В помощь куратору галерейного пространства — кирпичных сводов, арок, сквозных помещений — оставалось только наполнить их смыслами. Тут и макет колокольни монастыря, и бедный Пушкин, молча согласившийся быть с имажинистами, и поэтическое кафе «Стойло Пегаса», где наливают шампанское и подают кроличью икру, и часты книжные лавки. рукописные книги. Их моментально раскупили. Они часто жили и играли на этом.

Фото: Максим Васюнов
Названия слащавые — «Золотой котел», «Вдохновенные дебоши Мариенгофа», «Хулиганские признания» — зато автографы милые и скромные. Вот знаменитая книга Шаршаневича “Конь как конь”, во многом программная для имажинистов, подпись на титульном листе: “Дорогая Марина Цветаева из Вад. Шер”. Цветаева, кстати, скептически относилась к имажинистам, а Вад. Шеру, по воспоминаниям дочери Ариадны, называли «поэтом».
Одна из книг была показана публике впервые и до сих пор считалась затерянной во всех энциклопедиях и каталогах. Тот случай, когда куратору Людмиле Ларионовой повезло – во время подготовки выставки она случайно нашла его в одной из частных коллекций. Это очерк Сергея Есенина “Ключи Марии”. О тайне стихотворения и сущности творчества, как его понимал поэт. На свободном листе собственноручная надпись: “Екатерина Эйгес/ за наши/ приятные встречи/ с любовью/ С. Ясенин/ 1921”. Поэт Эйгес, кстати, не оценил очерк об искусстве, назвав его «не совсем понятным». Но чем она дорожила, так это рукописями Сергея Александровича, оставшимися у нее. А еще помощь от него — он даже делился продуктами с одной из своих муз.

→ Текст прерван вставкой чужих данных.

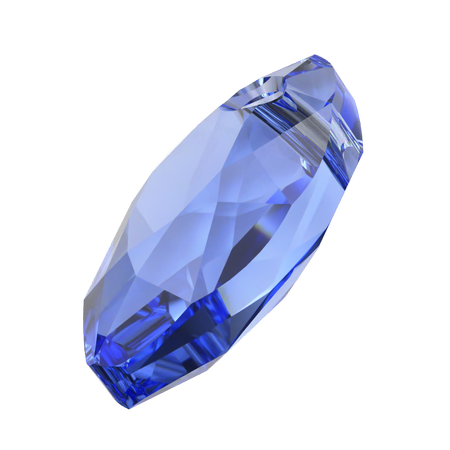 Dreamtime Crystal DC 6437 Marquise Cut Pendant Sapphire 11.5 mm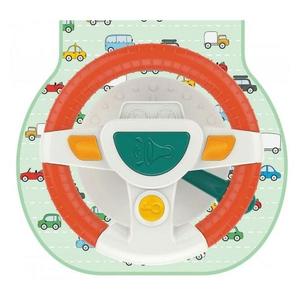Jucarie interactiva volan muzical 60 cm multicolor imagine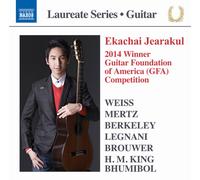 Ekachai Jeearakul - Ekachai Jearakul Guitar Recital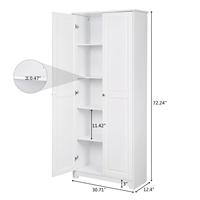 Armoire de chambre élégante à panneaux, armoire de rangement pour vêtements en gros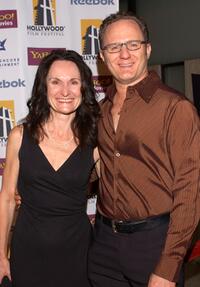 Beth Grant and Todd Holland at the Hollywood Film Festivals Opening Night Gala premiere of "The Cutting Edge."
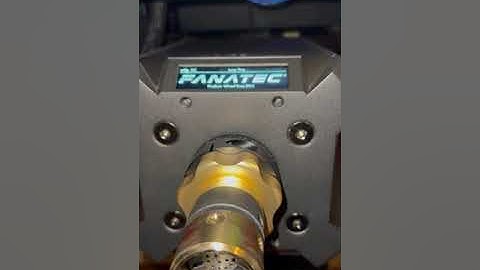 Fanatec Podium DD1 Failure Out of Box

Имажинисты умели дружить, пожалуй, в этом их главный урок для нашего времени. Они не изменили друг другу, и даже когда двое из них уехали за границу – Есенин в длительную “командировку” и Кусиков навсегда (он доживет до 1977 года и умрет в Париже) – все равно остались “связаны одной цепью”. вспомнили друг друга, поддержали, соскучились. «В Москве печаль. Все одни. У нас не банда, а бунт», — писал Мариенгоф Кусиковой в марте 1922 года. С этого момента, по большому счету, и начался закат имажинизма. И потому, что денег было меньше, и потому, что хулиганов власть все-таки взяла, и потому, что, как говорит Людмила Ларионова, это движение не могло не вырождаться, из-за своей скандальности, оно изначально рассматривалось как временное явление.

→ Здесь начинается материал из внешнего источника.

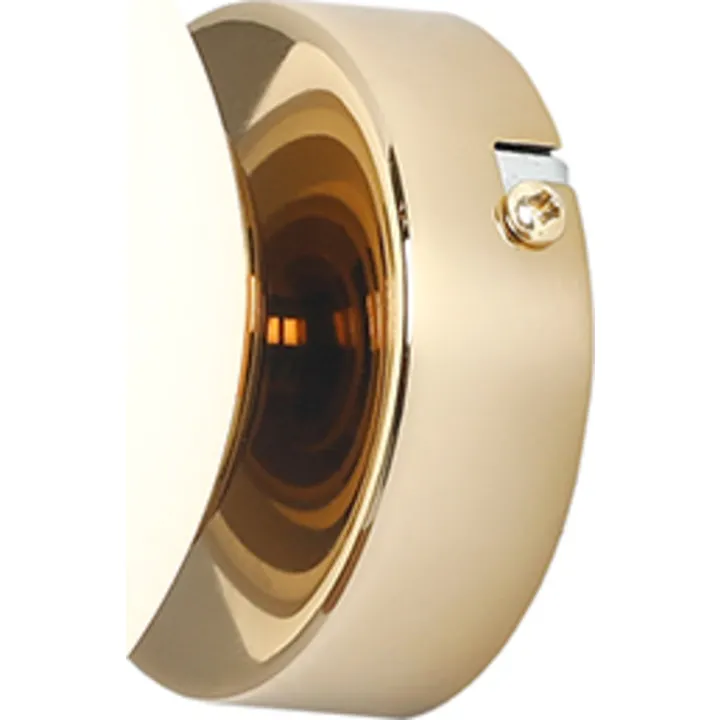 Aldex Ball , guld, Ø14 cm – væglampe — produktfoto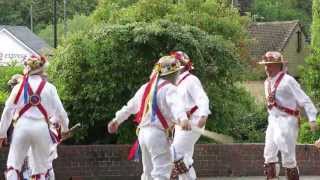 Gloucestershire Morris dancing in the Mortimer Gardens [upl. by Karney12]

Но все же, в итоге, они все-таки умудрились скандалить. В ларьке «Пегас» имажинисты вместе с философом Алексеем Топарковым устроили вечер памяти Александра Блока. Не было прощальных речей, не было поэтических посвящений, а было только глумление над усопшим – “бордельная мистика” и прочая “правда”. И это через две недели после отъезда поэта. Имажинисты согласились не упоминать о своем «переполнении». И слово было сдержано. И мемуары так или иначе успели оставить – только Есенин умер молодым из той хулиганской четвёрки.
Кстати
Кураторские экскурсии по выставке позволят узнать о судьбах поэтов, их влиянии на литературу и Москве имажинистов — подробная карта их кабаков, квартир и магазинов — один из экспонатов проекта. Будут лекции. Одна из них «Музы-имажинистки: секс большого города в женских поэтических сборниках» запланирована на 17 марта.